Profile changing demo. Colours are really washed, but the order is red, orange, yellow, green, cyan, blue, magenta.
Unfortunately my friend wasn't very responsive of what they wanted their Powermate to do, and I just threw the suggestions I gave into the code and called it a day. Was a little annoying that I made the framework for nothing, but oh well. For mine, I have the button trigger play/pause because the only dedicated media buttons I have for Pod is the ones on the speaker remote, which doesn't work if the speaker went to sleep; turning just turns the LED on or off (in a sort of pinkish colour); and I just left the framework for hold and turn because I really didn't know what else to do with it. I could've used it as a volume adjustment, but whenever I actually adjust the volume, it's usually only by one step of 5% and the adjustment is tied to the speakers because I have the speakers connected via USB (the speakers don't seem to like anything less than 3% volume increments).

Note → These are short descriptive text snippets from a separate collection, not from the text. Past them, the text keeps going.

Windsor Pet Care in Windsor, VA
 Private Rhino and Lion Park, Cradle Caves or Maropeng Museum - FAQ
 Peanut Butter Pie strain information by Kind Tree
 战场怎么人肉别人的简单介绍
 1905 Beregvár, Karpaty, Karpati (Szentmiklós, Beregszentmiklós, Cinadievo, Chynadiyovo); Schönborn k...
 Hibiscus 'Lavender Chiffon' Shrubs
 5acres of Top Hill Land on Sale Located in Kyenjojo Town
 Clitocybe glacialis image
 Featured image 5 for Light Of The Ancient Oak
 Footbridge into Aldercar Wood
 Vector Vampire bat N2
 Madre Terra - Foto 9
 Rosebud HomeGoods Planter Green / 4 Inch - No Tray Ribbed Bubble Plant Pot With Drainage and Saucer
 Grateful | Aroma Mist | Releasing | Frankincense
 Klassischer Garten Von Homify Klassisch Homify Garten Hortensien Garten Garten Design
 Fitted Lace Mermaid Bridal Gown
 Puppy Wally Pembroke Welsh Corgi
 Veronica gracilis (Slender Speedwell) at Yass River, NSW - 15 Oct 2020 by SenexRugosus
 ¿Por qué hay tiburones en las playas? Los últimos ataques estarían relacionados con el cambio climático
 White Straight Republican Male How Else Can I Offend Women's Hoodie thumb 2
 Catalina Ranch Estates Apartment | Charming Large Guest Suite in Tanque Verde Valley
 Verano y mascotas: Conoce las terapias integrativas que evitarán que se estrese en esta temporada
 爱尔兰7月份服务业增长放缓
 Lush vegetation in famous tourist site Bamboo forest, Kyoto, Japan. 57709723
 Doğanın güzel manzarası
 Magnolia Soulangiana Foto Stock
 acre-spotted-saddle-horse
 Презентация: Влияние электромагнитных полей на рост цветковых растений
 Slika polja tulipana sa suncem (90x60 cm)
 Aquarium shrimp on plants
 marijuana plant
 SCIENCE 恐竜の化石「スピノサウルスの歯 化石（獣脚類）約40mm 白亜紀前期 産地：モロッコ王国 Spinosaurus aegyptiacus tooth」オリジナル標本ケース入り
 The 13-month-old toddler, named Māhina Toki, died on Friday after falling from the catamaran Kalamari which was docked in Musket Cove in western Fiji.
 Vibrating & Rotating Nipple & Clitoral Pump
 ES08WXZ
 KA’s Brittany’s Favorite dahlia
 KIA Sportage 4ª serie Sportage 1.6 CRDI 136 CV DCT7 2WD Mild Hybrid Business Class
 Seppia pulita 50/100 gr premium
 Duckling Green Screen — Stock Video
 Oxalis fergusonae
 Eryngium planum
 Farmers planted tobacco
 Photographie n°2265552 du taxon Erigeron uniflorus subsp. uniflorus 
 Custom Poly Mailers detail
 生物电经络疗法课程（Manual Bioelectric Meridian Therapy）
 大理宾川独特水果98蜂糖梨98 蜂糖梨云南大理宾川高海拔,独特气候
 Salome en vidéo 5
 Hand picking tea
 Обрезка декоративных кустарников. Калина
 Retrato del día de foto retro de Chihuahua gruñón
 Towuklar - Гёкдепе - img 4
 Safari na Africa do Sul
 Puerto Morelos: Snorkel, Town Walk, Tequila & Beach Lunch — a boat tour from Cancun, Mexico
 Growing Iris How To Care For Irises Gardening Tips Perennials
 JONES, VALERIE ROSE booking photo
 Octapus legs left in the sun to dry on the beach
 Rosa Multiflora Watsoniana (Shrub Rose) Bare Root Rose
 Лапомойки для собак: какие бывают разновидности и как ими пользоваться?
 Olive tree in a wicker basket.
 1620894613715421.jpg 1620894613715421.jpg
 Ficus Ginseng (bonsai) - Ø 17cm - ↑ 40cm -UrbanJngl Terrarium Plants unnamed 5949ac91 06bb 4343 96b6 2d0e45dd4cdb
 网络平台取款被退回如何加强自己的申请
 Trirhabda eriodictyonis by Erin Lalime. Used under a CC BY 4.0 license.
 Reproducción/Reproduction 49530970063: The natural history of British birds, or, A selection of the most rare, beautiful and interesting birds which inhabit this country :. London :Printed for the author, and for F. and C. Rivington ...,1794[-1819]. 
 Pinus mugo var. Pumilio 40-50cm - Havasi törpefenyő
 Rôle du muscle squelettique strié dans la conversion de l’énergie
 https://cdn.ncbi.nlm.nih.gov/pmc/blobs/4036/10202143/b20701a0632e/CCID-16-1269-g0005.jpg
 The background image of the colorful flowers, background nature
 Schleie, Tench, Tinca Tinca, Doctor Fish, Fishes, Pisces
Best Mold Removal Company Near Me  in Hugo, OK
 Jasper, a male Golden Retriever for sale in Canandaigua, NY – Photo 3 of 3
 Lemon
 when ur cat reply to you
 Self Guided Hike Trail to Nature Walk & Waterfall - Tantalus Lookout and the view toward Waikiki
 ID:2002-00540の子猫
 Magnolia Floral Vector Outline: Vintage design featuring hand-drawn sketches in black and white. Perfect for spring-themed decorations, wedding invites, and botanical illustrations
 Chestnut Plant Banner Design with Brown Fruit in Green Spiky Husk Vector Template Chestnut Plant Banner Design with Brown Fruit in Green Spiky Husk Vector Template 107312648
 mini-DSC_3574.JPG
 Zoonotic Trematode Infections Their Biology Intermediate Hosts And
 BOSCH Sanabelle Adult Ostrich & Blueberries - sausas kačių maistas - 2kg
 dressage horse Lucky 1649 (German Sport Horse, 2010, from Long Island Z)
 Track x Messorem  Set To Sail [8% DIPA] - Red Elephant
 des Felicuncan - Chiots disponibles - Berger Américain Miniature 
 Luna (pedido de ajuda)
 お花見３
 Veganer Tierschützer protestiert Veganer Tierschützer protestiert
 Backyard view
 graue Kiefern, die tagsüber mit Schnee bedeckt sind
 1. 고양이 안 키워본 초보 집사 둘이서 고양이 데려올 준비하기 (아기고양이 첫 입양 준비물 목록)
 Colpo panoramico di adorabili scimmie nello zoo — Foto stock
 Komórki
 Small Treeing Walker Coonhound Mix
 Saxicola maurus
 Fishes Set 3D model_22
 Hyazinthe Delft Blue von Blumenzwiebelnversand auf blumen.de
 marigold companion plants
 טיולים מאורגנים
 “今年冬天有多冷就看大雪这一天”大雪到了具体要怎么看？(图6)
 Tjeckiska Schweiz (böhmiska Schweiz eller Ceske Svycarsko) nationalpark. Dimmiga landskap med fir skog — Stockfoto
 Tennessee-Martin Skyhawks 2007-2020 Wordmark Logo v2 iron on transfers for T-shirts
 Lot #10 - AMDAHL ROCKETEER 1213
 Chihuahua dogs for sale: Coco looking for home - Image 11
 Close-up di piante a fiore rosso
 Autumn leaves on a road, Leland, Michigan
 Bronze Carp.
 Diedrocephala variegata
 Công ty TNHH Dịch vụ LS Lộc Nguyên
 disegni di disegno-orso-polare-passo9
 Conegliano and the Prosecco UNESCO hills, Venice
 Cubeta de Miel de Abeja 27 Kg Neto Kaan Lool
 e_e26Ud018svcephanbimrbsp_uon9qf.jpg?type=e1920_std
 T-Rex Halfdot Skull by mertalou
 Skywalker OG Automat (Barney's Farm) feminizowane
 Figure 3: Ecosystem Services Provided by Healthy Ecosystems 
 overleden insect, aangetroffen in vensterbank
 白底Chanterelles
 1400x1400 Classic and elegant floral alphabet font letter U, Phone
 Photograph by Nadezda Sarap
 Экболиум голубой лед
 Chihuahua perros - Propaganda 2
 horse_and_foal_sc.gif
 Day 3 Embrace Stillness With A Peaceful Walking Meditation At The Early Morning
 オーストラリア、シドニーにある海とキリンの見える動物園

I recently found a debouncing library, and might play with it for the button, but because my friend's button only turns the LED on and off, I'm not worried about it. Also CircuitPython 7 will introduce ways to hide the
CIRCUITPY drive and such, but well, it's easier said than done to get the "boot" drive to show up since there's no way to press the reset button without disassembling the Powermate. I kinda wanted to sandblast the Powermate to get rid of Griffin's markings, but I ended up leaving it alone because I wasn't really wanting to separate the metal from the plastic, mask the plastic off, or sandblast the plastic with the metal. I was kinda awestruck for a while when I got it working (probably after loading CircuitPython 6.2.0) since it was a bit hard to believe that I got my first finished MCU project up and running with no problems. Though I'm not fully utilising it, it still was a worthwhile project to turn something hardly usable into something usable.